About this exercise: Set down all of the data exactly. Pictures stay out of the copy.

Provided material:
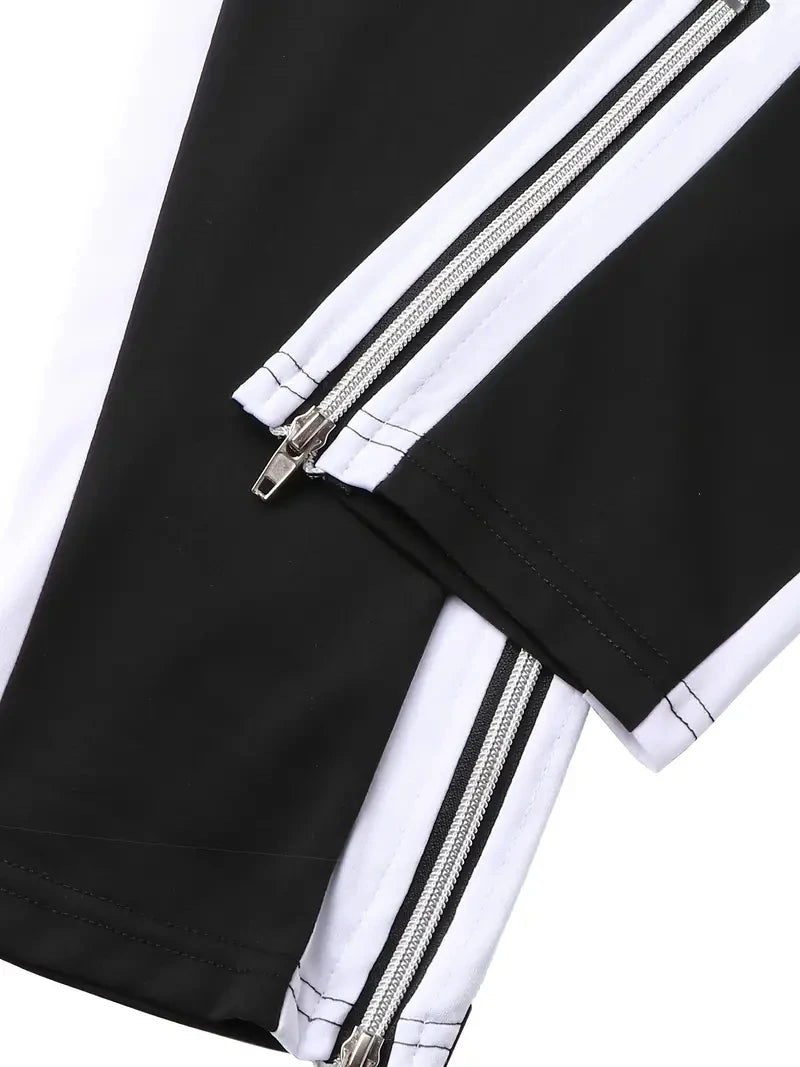 pantalones deportivos casuales para hombre, elegantes ajustados  con bolsillos con cremallera y cordón.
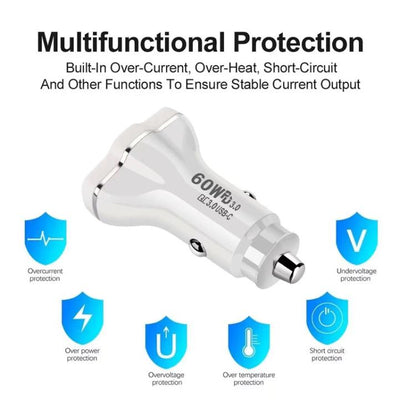 78W PD30W x 2 + QC3.0 USB Multi Port Car Charger(Black) - Car Charger by buy2fix | Online Shopping UK | buy2fix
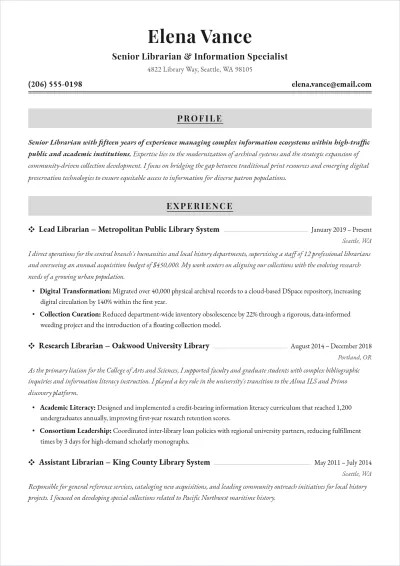 Free Professional Librarian ATS Resume Template, AI Resume Builder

Solution to the problem:
 pantalones deportivos casuales para hombre, elegantes ajustados  con bolsillos con cremallera y cordón.
 78W PD30W x 2 + QC3.0 USB Multi Port Car Charger(Black) - Car Charger by buy2fix | Online Shopping UK | buy2fix
 Free Professional Librarian ATS Resume Template, AI Resume Builder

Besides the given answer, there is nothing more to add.